National march for Palestine – No War on Iran, London, 21 June 2025. Photo: Steve Eason / CC BY-NC 2.0
Zahid Rahman considers the consequences of a US attack on Iran
It is clear that Trump is seeking regime change in Iran using military aggression and economic coercion. However, an Iran-US war would have catastrophic consequences way beyond Iran’s borders, risking setting the entire region on fire.
A week after Trump’s military adventure in Venezuela and in the midst of anti-government protests in Iran, the US President claimed ‘help is on the way’ for Iranian demonstrators. At that point, US military options were limited. Any attack on Iran would have required the consent of (reluctant) regional allies for territorial access. However, using Iran’s brutal crackdown on anti-government demonstrations as a casus belli, a US ‘armada’ has now been deployed to the region.
With its network of allies across the region, including militias in Iraq, a weakened but active Hezbollah in Lebanon and Ansarallah (commonly known as the Houthis) in Yemen, any war has the potential to expand massively.
Iran could target US bases in Iraq and the Gulf states, drawing those countries into any conflict. It could mine the Straits of Hormuz or target oil refineries, leading to significant global economic consequences.

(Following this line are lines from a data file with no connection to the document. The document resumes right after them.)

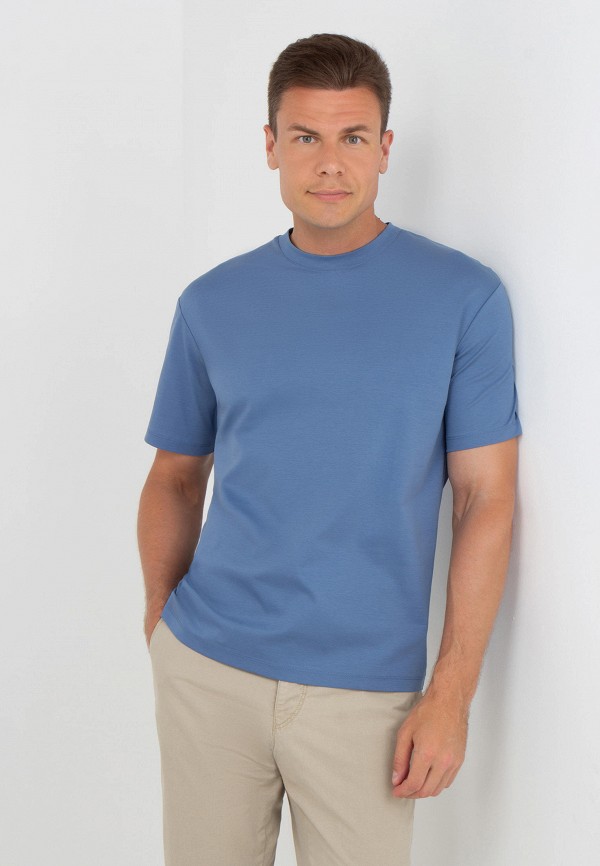 Футболка Thomas Berger 3990₽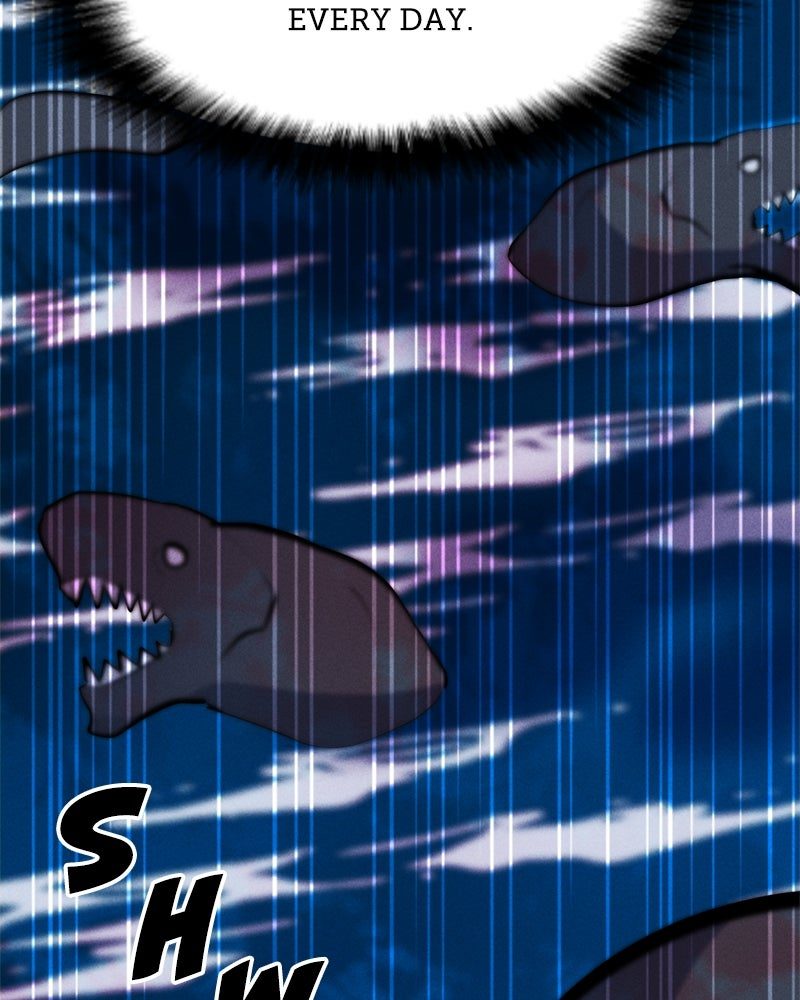 Solo Spell Caster - Chapter 191 Page 80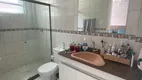 Foto 11 de Apartamento com 3 Quartos à venda, 110m² em Pituba, Salvador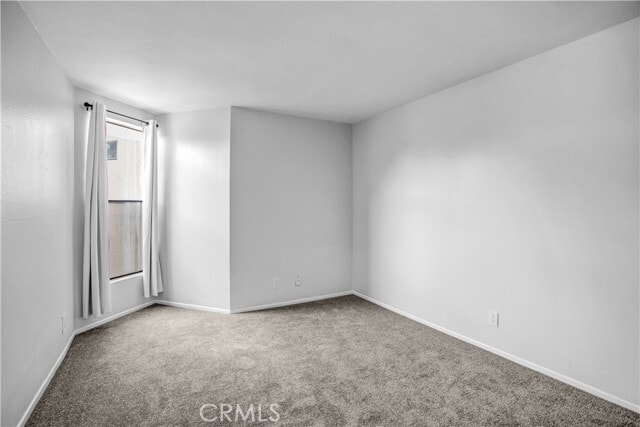 Building Photo - 13115 Glen Ct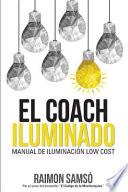 libro El Coach Iluminado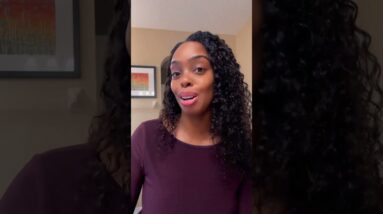 Easy Money Taking Paid Surveys Online w/ YouGov #shorts #fyp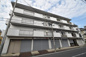マンションヴィップ西落合の画像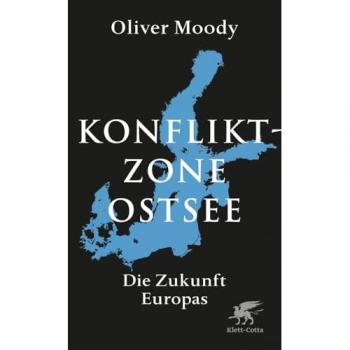 Konfliktzone Ostsee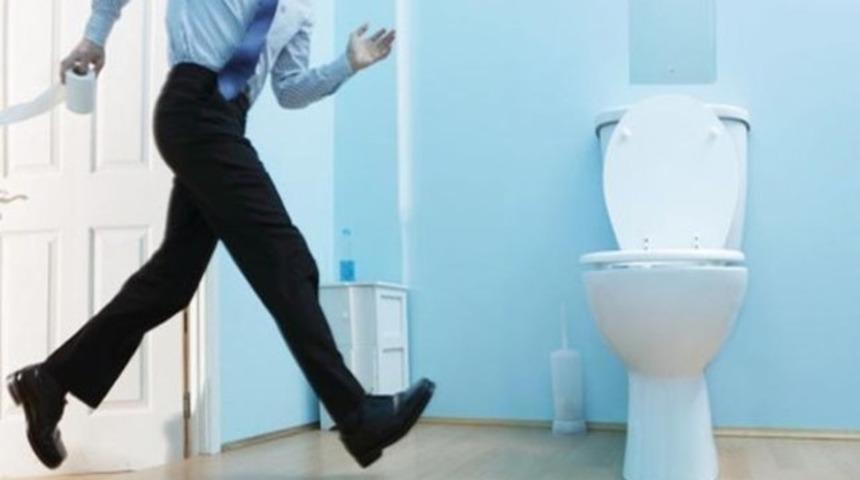 Hemoroid (basur) kansere neden olur mu?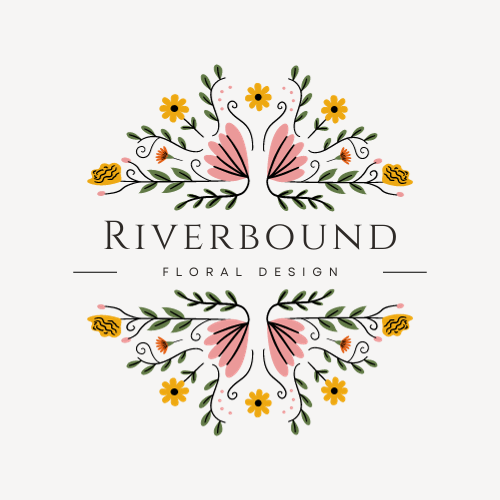Riverbound Farms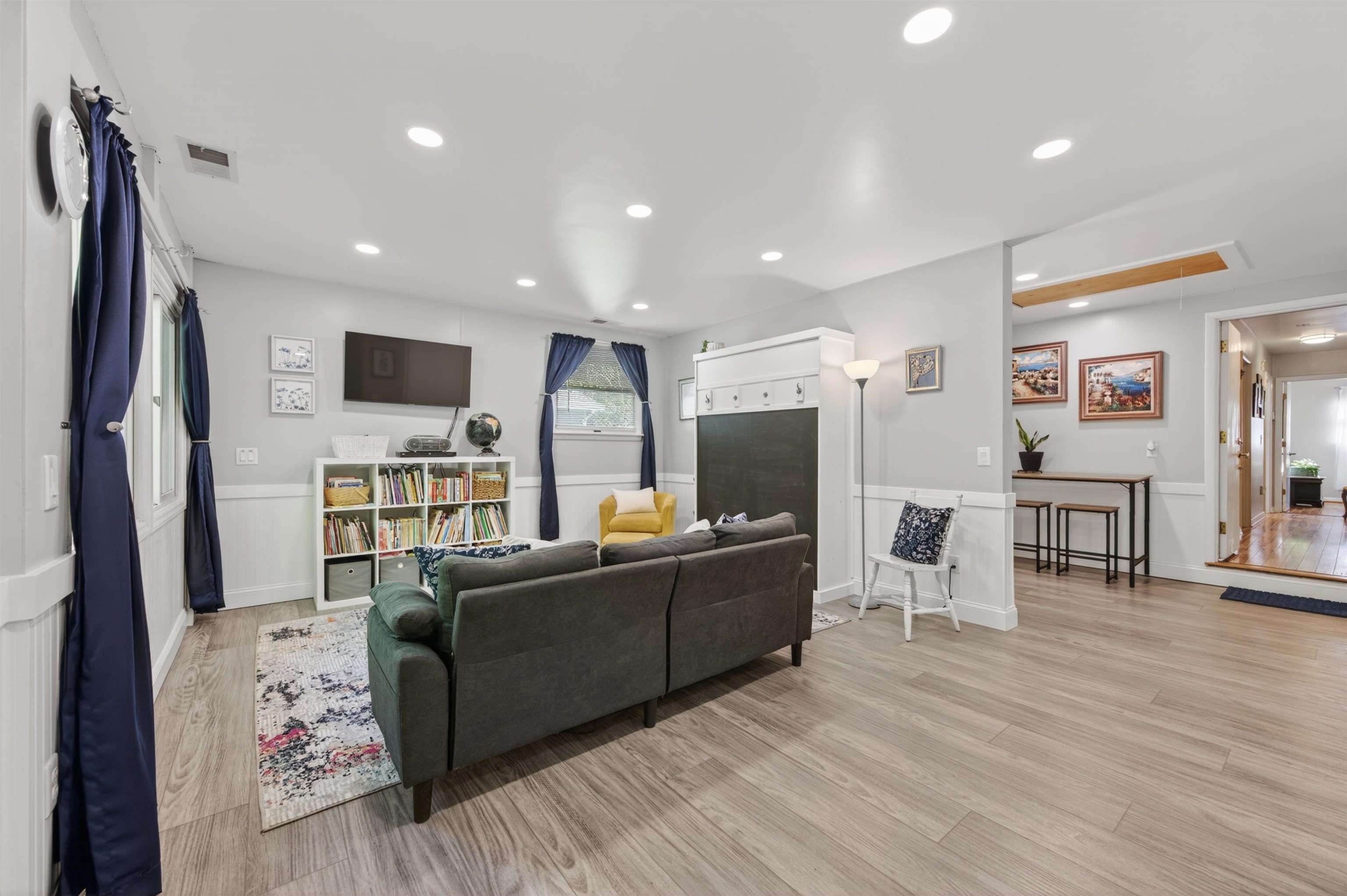 413 Alpine Road Newport VA 24128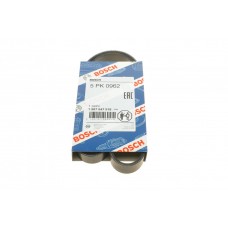 1 987 947 918 BOSCH Поліклиновий ремінь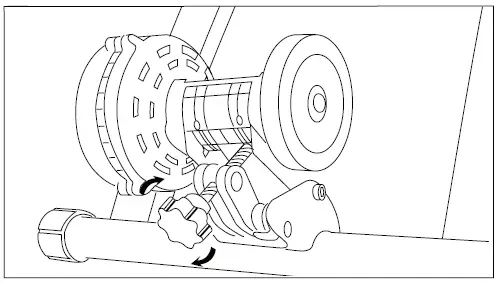 FITFIU-ROB-15-Trainer-Pliabe-fig-3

Iran is a big country; larger than Germany, France, the UK and Spain put together. It has a population of ninety million; that’s a lot of potential refugees. The best-case scenario predicts, in the face of war, 10% of the population would leave. That’s twice as many refugees as during the crisis of 2015.
A US attack would also likely provoke Iranian nationalism, while any collapse of central authority could set in motion the balkanisation of Iran. Iran is a heterogeneous country. In the south-east, the decades-long Baluch insurgency could escalate. In the west, militant Kurdish groups with links to other groups in Iraq and Syria could drive further instability; Turkey could be drawn in. In the north-west, there’s a sizable Azeri population with significant currents in favour of unification with Azerbaijan. These are several of the ethnic faultlines that could result from US regime change, leading to years of localised conflicts.
Any war with Iran would be neither limited nor controllable. As in Libya and Iraq, American intervention would be merely the opening chapter of a prolonged crisis.
Far from bringing peace and security to Iranians, intervention by outside powers would plunge the region into chaos.
If the US or other Western powers truly cared for the Iranian people, they would end the devastating sanctions that are causing so much suffering, and leave Iranians to decide their own future.